In its analysis, the opinion first noted that the IJ had relied on the holding in Karingithi to find that she lacked jurisdiction and stated that, subsequent to that decision, the Board had dismissed the argument that a defective NTA deprived an IJ of case jurisdiction, citing to Bermudez-Cota. That decision held that an NTA “that does not specify that time and place of the hearing can be remedied by the service of a subsequent notice of hearing that includes the required information.” Further, the Ninth Circuit had deferred to the BIA’s holding in Bermudez-Cota in its Karingithi opinion but, noted the decision, had not addressed the specific issue raised here: whether a deficient NTA which will subsequently be filed is sufficient to vest jurisdiction in the Immigration Court.
On the jurisdiction question, nothing in 8 C.F.R. §1003.15(b)(6), found the Board, mandates that the court’s address is a jurisdictional requirement or that it cannot be provided subsequent to the NTA’s service on a respondent.
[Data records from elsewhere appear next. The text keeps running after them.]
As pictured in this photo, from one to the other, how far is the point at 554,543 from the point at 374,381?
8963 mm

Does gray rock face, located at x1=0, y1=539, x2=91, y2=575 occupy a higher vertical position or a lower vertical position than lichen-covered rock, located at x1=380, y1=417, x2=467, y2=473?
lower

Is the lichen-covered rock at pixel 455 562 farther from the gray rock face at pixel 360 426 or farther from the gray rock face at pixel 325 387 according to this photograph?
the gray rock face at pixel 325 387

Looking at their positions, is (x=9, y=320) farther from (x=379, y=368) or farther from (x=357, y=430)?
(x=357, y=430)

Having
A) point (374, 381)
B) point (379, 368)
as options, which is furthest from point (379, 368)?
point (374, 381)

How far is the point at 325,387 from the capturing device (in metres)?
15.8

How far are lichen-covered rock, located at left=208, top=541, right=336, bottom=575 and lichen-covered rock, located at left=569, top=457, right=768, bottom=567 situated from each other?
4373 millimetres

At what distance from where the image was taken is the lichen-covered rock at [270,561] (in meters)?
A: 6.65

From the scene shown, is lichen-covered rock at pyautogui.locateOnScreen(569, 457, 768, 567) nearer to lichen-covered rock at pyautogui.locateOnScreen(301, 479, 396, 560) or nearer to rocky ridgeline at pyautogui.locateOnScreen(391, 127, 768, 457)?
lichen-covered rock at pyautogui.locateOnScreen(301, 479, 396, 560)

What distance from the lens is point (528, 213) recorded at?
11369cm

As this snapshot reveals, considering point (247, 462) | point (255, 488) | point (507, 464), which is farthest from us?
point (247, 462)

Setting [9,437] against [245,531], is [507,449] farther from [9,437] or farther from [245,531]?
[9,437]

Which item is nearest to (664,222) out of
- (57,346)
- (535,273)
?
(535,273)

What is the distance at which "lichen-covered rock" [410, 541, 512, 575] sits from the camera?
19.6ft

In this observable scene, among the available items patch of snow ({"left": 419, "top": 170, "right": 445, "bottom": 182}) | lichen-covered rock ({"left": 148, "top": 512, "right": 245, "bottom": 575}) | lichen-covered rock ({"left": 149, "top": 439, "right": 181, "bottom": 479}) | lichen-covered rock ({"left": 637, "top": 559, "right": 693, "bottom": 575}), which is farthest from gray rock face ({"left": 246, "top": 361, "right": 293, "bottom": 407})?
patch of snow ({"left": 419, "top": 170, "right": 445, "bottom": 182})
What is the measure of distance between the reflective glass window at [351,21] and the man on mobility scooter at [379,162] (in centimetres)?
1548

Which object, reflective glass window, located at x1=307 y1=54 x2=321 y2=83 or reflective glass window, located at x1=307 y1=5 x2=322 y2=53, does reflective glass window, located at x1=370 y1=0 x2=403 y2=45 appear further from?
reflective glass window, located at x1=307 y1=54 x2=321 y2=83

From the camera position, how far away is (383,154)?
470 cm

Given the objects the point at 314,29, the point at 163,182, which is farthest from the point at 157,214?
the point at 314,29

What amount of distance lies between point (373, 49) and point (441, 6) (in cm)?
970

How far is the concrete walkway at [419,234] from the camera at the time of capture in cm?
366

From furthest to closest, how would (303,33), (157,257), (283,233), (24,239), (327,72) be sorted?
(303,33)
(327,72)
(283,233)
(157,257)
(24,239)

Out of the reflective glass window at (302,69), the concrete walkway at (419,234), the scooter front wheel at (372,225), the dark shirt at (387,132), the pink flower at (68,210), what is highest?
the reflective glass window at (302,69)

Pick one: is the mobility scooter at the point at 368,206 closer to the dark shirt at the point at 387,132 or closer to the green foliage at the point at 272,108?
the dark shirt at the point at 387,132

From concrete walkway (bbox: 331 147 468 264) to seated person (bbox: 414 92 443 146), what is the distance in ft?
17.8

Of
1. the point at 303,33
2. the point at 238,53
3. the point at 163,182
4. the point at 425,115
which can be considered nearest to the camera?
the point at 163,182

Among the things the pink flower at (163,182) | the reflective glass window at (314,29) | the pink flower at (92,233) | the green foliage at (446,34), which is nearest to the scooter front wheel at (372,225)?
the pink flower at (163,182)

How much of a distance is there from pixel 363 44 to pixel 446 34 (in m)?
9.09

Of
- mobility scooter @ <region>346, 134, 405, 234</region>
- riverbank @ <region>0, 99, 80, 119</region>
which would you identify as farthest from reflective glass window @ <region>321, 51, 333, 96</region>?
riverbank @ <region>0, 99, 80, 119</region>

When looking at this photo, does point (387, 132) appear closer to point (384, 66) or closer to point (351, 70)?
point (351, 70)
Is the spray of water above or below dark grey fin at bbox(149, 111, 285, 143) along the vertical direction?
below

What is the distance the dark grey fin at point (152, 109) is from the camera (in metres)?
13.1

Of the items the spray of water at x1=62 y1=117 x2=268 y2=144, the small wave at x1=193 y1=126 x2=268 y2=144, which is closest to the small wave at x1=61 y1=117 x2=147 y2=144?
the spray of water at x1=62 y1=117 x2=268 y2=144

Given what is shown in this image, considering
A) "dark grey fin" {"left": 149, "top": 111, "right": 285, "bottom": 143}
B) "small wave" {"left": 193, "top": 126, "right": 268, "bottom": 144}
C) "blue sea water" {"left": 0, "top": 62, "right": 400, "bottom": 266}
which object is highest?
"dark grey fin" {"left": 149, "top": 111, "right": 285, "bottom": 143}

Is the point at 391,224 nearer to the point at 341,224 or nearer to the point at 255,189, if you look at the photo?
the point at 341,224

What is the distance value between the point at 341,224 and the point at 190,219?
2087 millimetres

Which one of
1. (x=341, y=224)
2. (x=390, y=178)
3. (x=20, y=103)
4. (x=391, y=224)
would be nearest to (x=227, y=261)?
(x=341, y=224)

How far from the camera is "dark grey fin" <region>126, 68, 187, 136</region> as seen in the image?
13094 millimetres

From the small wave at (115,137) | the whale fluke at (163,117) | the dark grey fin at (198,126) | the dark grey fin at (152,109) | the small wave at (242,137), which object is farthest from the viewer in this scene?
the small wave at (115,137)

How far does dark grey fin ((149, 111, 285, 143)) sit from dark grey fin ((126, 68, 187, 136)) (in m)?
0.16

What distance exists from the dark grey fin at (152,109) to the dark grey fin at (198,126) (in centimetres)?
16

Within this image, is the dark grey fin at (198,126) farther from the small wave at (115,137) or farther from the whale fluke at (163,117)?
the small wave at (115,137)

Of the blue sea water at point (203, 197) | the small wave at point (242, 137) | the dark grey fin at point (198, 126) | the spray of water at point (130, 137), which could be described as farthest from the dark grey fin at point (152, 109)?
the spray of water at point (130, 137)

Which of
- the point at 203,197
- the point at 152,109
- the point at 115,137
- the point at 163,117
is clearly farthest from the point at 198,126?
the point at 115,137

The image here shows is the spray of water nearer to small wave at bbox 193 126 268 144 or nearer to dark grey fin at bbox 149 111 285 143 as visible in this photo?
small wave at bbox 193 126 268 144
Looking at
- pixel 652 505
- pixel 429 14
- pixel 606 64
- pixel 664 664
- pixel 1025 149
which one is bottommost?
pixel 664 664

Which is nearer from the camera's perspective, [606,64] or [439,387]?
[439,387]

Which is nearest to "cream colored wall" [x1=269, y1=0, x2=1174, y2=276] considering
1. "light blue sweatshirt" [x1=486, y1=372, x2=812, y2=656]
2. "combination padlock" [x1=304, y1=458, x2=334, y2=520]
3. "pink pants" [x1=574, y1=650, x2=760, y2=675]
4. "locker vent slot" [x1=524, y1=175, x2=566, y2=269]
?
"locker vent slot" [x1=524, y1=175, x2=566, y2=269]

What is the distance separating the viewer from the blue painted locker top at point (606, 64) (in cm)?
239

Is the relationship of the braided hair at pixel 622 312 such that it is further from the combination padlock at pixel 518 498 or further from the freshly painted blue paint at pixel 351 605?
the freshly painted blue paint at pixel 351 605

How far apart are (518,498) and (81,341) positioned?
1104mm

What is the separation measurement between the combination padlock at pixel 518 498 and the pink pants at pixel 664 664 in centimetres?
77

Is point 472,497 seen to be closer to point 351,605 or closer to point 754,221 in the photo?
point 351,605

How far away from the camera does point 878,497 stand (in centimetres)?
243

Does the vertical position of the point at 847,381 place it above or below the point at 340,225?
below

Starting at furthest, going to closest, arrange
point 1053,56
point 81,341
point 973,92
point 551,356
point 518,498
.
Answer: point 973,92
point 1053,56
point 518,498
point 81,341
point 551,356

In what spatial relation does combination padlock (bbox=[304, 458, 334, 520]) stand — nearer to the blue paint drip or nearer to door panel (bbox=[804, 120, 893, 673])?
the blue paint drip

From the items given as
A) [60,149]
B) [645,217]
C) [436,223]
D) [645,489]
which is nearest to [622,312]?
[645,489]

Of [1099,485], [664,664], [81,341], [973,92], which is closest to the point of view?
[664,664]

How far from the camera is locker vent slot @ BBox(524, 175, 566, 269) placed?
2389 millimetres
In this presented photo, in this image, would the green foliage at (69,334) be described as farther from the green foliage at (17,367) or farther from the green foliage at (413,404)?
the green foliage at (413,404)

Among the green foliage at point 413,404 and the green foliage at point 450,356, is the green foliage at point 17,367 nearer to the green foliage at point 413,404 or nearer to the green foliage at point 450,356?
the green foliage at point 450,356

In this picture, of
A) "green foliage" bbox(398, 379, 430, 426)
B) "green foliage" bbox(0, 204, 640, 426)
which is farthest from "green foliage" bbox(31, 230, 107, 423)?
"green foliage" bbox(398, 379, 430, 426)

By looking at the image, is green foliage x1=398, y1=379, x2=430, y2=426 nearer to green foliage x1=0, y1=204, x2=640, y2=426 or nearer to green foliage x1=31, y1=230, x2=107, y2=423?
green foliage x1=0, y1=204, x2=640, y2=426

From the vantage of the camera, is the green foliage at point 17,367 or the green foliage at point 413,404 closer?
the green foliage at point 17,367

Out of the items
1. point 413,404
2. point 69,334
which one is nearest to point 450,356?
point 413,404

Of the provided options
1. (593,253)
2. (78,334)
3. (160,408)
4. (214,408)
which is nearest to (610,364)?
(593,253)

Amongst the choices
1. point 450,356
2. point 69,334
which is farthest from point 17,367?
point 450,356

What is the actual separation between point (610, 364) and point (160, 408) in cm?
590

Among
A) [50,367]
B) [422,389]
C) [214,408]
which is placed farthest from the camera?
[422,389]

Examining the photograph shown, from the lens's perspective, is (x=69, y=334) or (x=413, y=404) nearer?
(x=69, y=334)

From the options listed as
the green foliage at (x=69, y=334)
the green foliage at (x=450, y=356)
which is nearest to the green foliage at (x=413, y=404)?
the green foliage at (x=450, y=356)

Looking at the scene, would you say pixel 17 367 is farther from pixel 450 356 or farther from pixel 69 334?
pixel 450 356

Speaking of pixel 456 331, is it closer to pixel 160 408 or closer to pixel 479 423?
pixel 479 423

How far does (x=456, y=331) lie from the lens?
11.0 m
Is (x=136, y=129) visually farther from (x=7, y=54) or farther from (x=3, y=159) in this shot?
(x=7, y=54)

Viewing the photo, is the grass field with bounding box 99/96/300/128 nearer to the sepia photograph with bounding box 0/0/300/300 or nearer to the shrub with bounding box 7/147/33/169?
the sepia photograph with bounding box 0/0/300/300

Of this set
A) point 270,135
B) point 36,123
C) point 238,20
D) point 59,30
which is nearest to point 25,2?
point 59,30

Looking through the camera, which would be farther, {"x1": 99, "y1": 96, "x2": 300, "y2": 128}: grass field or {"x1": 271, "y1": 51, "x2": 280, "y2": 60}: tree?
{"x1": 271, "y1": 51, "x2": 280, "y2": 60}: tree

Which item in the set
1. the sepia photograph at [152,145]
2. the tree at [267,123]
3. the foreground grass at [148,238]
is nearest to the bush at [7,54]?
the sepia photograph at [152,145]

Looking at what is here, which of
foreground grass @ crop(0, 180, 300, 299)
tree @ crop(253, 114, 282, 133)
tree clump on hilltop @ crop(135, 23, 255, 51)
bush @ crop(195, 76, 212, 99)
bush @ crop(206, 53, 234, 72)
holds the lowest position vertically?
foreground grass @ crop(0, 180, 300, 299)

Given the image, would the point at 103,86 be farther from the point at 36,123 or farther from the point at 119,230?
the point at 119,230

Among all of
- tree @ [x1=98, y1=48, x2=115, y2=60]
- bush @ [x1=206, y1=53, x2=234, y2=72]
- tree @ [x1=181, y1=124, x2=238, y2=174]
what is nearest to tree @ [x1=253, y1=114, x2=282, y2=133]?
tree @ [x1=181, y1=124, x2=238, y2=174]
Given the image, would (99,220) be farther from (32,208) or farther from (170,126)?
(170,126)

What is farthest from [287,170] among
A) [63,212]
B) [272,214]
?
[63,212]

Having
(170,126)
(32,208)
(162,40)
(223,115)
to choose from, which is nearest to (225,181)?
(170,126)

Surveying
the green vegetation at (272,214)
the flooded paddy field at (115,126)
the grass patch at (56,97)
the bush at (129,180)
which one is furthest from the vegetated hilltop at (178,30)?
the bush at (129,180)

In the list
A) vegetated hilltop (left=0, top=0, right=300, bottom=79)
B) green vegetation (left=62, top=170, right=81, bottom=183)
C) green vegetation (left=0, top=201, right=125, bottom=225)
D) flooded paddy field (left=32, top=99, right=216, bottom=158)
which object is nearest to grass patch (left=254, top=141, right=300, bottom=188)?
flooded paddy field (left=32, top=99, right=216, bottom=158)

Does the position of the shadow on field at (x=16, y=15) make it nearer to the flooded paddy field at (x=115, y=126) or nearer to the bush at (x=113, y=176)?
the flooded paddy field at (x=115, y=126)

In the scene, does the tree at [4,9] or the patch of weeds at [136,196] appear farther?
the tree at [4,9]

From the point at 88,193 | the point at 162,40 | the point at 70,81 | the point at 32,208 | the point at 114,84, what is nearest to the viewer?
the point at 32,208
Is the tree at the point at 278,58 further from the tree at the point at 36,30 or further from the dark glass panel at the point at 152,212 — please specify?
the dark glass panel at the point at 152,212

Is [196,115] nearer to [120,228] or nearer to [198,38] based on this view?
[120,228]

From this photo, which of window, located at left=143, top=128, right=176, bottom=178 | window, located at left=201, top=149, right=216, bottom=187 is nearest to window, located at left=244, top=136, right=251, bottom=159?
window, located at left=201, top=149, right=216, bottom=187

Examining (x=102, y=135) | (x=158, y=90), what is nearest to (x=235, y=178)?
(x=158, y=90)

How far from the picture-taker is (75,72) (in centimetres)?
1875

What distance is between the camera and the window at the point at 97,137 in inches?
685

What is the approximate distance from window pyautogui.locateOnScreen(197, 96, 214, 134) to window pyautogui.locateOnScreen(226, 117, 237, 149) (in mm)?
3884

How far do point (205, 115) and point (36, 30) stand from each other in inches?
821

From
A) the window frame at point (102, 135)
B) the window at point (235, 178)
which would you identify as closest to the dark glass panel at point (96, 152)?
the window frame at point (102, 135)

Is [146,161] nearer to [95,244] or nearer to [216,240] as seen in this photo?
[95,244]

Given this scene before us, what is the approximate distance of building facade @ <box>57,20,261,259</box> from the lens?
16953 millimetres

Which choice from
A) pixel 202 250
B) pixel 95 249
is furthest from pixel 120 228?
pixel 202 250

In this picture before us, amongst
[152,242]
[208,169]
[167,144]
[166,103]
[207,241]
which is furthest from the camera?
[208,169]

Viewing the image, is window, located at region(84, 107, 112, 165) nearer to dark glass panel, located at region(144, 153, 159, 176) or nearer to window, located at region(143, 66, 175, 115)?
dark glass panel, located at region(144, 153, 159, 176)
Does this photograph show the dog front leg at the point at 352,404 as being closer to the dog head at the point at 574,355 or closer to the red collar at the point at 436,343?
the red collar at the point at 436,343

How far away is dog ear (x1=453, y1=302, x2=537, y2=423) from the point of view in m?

This regulation, stated the opinion, must be read in conjunction with 8 C.F.R. §1003.18(b) which provides that an NTA must provide the “time, place, and date of the initial removal hearing, where practicable.” If that data is not in the NTA, concluded the BIA, the court is responsible for scheduling the initial removal hearing and providing notice to the DHS and the respondent of the time, date, and place, i.e., “the regulation anticipates” that when the required information is not in the NTA, “the court can provide notice of that information at a later date.” The decision thus held that a deficient NTA can be “remedied” by a subsequent hearing notice from the court including the missing data. Further, as shown by 8 C.F.R. §1003.14, the “Jurisdiction and commencement of proceedings” rules, the term “jurisdiction” is not limited to subject matter jurisdiction and, informed by administrative law principles “and considering the regulation in context”, the Board found that as the term is used in §1003.14(a), it is a “claim-processing rule,” not one implicating subject matter jurisdiction. As to Respondents’ assertion that their NTAs were also deficient under §1003.14(a) for lacking a certificate showing service on the charged parties which indicates that Immigration Court in which the documents are filed, this sentence – held that BIA – is “best viewed as a claim-processing rule,” one of a number of “internal docketing rules” or procedural or venue provisions. The regulatory history shows the sentence was added in 1992 as one of a series of procedural rules meant to increase efficiency in operations; a lack of compliance with this part of the regulation, standing alone or read with other rules, “does not provide a reason for terminating proceedings.” Accordingly, the DHS appeal was sustained, the IJ’s decision vacated, removal proceedings reinstated and the record remanded for further proceedings. Matter of Rosales Vargas and Rosales Rosales, 27 I&N Dec. 745 (BIA 2020).